Short descriptive text snippets

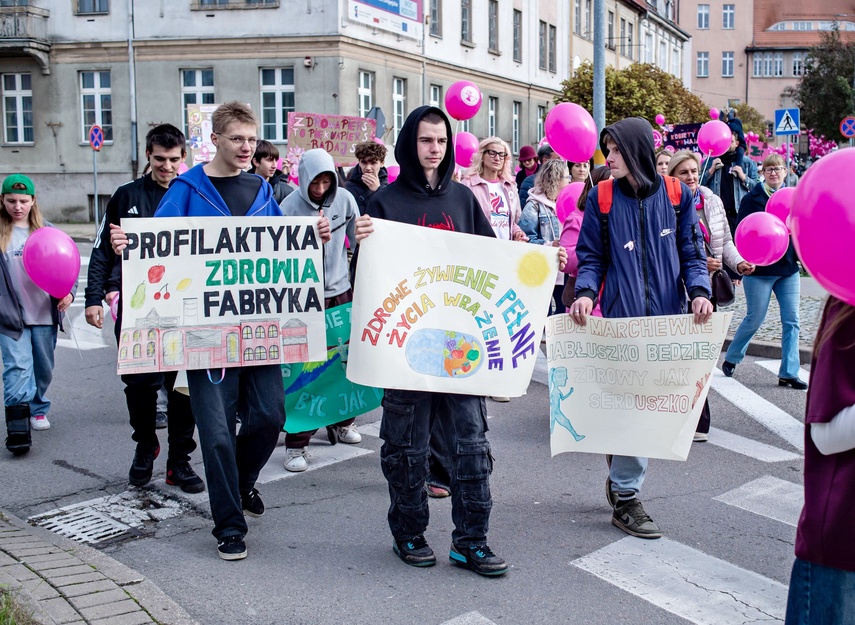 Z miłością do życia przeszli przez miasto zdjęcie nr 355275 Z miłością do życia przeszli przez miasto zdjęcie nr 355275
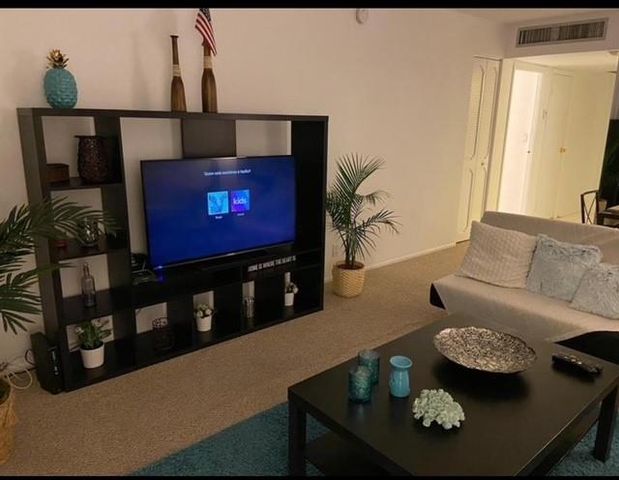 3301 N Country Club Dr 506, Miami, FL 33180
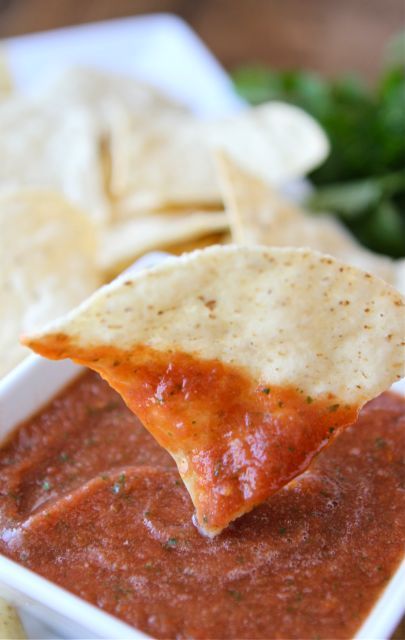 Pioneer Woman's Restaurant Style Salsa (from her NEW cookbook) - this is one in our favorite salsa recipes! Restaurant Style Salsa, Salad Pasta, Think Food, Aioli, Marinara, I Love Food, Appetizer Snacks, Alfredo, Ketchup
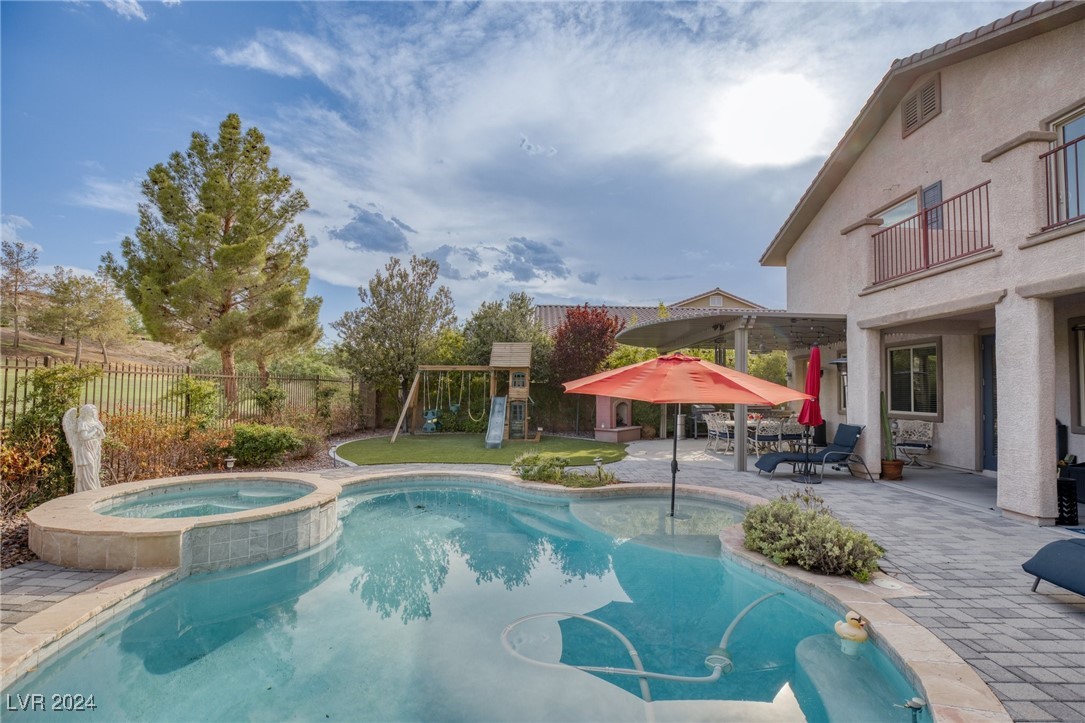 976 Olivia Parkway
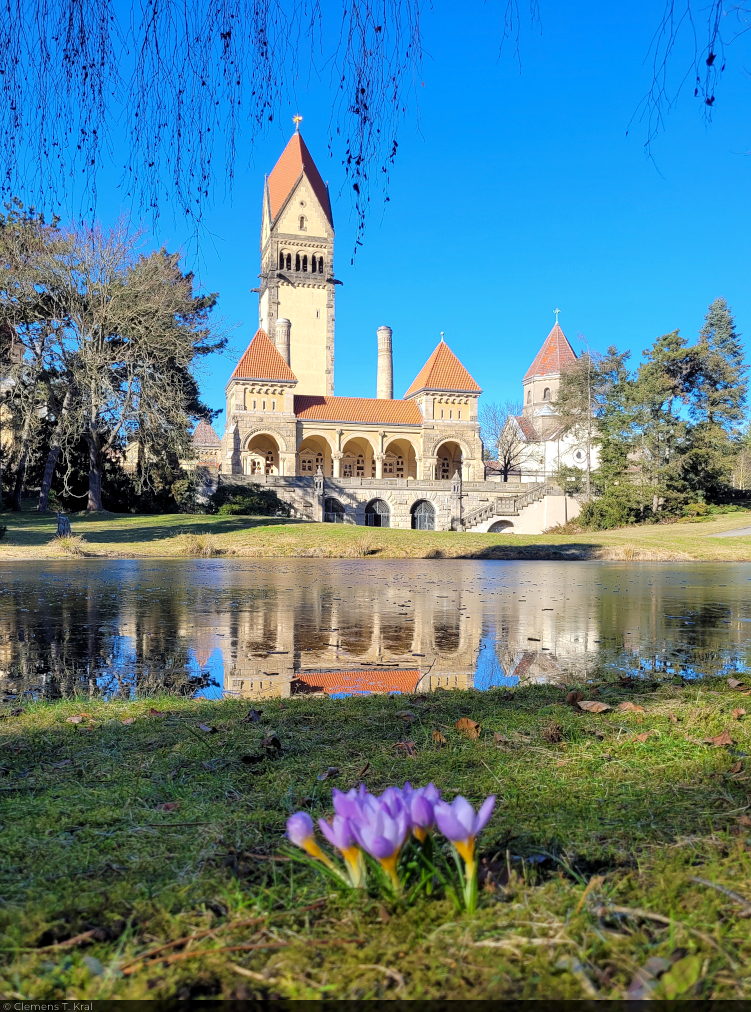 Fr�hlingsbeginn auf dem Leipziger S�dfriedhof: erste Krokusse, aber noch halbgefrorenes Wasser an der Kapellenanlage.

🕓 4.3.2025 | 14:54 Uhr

TASK REQUIREMENTS | Exact copy required, pictures excluded: the lines from the one holding "976 Olivia Parkway" through the last line of the data, both ends included.

TASK RESPONSE |
 976 Olivia Parkway
 Fr�hlingsbeginn auf dem Leipziger S�dfriedhof: erste Krokusse, aber noch halbgefrorenes Wasser an der Kapellenanlage.

🕓 4.3.2025 | 14:54 Uhr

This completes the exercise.